Gustavo Petro, une seconde chance pour la Colombie

Le 7 août dernier, Gustavo Petro devenait président de la République colombienne. Une présidence de gauche – une première pour le pays – et atypique pour son passé de guérillero. Retour sur cette journée historique qui insuffle une nouvelle ère pour la scène politique colombienne.

Page : La Epoca

Le 7 août dernier, le vent soufflait sur Bogotá. Des milliers de Colombiens sont réunis sur la place Bolivar dans l’attente d’un discours historique : celui du premier président de gauche de la Colombie. Sur scène, Gustavo Petro, élu en juin dernier avec 11 millions de voix, s’avance au milieu des bourrasques et déroule le programme qu’il a imaginé pour son pays pour les quatre prochaines années. Sur la forme, Gustavo Petro n’est certainement pas l’héritier de la longue tradition des leaders charismatiques de la gauche latino-américaine, dont l’art oratoire faisait trembler leurs adversaires politiques.
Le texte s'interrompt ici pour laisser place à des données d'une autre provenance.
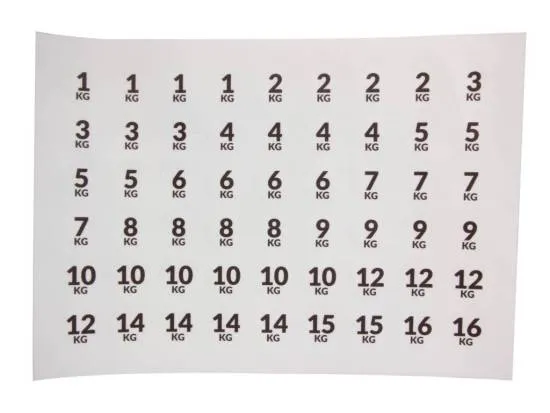 LMX. Klistermærker Med Kg (1-60 kg) fra LMX. LMX. Klistermærker Med Kg (1-60 kg) fra LMX.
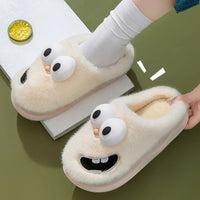 Cute Slippers Home Cotton Women Anti-Skid Warm Thick Soles Plush Upper Rainproof Cloth For External Wear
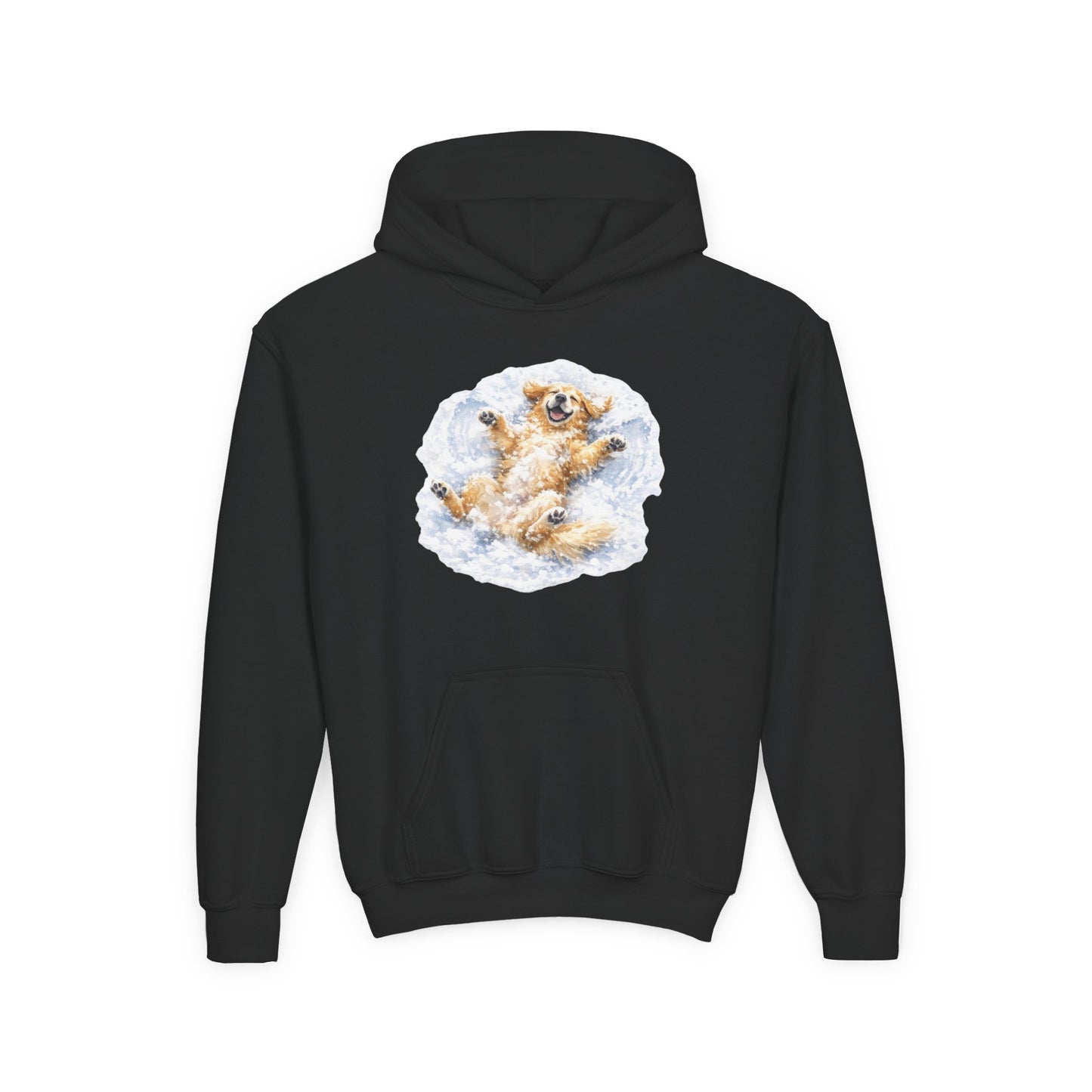 Youth Hoodie | Golden Retriever Snow Angel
Petro lit d’un ton monocorde un discours sans envolée, au style ampoulé, loin des slogans efficaces. Sa nervosité le fait remettre ses cheveux en place tout au long d’un exposé de 45 minutes.

Cependant, à l’instar d’autres politiciens de gauche, Petro a l’art de manier les symboles. À ses côtés, brille sous le soleil l’épée de Simón Bolívar. Symbole de la liberté du peuple colombien, cette arme fut volée en 1974 par la guérilla M-19, dont Petro fut membre. Rendu en 1991, après un accord de paix avec le gouvernement colombien, voir cette épée trôner aux côtés d’un ancien guérillero est définitivement un symbole fort de réconciliation, dans un pays fragmenté par la violence.  

Un discours attendu et entendu

Sur le fond, le nouveau président ne propose rien de révolutionnaire, mais rentre en rupture complète avec les politiques conservatrices et militaristes qui ont régné en Colombie ces dernières décennies. Petro propose une réforme fiscale, visant à une meilleure redistribution des richesses. Sous les yeux de Santos, présent dans l’assemblée, il réaffirme sa volonté de respecter les accords de paix négociés par l’ancien président. Il propose également la fin de la guerre contre la drogue, qui militarisa la Colombie et en fit le meilleur allié des États-Unis dans la région.

D’un point de vue international, Petro se détourne donc des USA et décide de regarder au sud et à l’est. Au sud, pour renouer avec le reste de l’Amérique latine, où la gauche réapparaît dans le paysage politique, notamment avec la présidence de Gabriel Boric au Chili. À est, par la main tendue de Caracas, afin de rouvrir les canaux diplomatiques entre les deux pays frères, aux destins liés aussi bien par l’Histoire que par les millions de Vénézuéliens réfugiés actuellement en Colombie. Toujours plus à l’est, Petro ouvre la porte à une plus importante coopération avec le continent africain, « d’où nous venons », soulignant l’importance de la communauté afrodescendante colombienne, souvent invisibilisée et victime de discriminations.

De cette même communauté justement est issue Francia Márquez, vice-présidente de Gustavo Petro. Une émotion particulière traverse la foule au moment de voir pour la première fois une femme noire militante prêter serment et arriver à ce niveau de responsabilité. Dans sa brève déclaration, Márquez promit de gouverner « jusqu’à ce que la dignité devienne la norme. » Et comme en Colombie une Márquez en cache souvent un autre, Petro ne put s’empêcher de citer le plus célèbre des auteurs colombiens, Gabriel García Márquez, en proposant que sa gestion soit « una segunda oportunidad » (une seconde chance) pour la Colombie. Un pays qui pourrait finalement concrétiser les paroles de son hymne national et sentir pour ne plus subir (« sentir o padecer »). 

Ce jour-là, le vent soufflait sur Bogotá. Un vent de renouveau duquel les Colombiens attendent beaucoup. Peut-être trop ? Seul le temps le dira. La gestion de Petro sera scrutée de près, aussi bien par ses opposants que par ses partisans les plus fidèles. Ayant placé en lui l’espoir d’une Colombie plus juste, le nouveau président n’aura pas droit à l’erreur s’il veut voir la gauche prospérer sur la scène politique nationale. Car la société colombienne n’est plus en mesure d’être déçue encore une fois.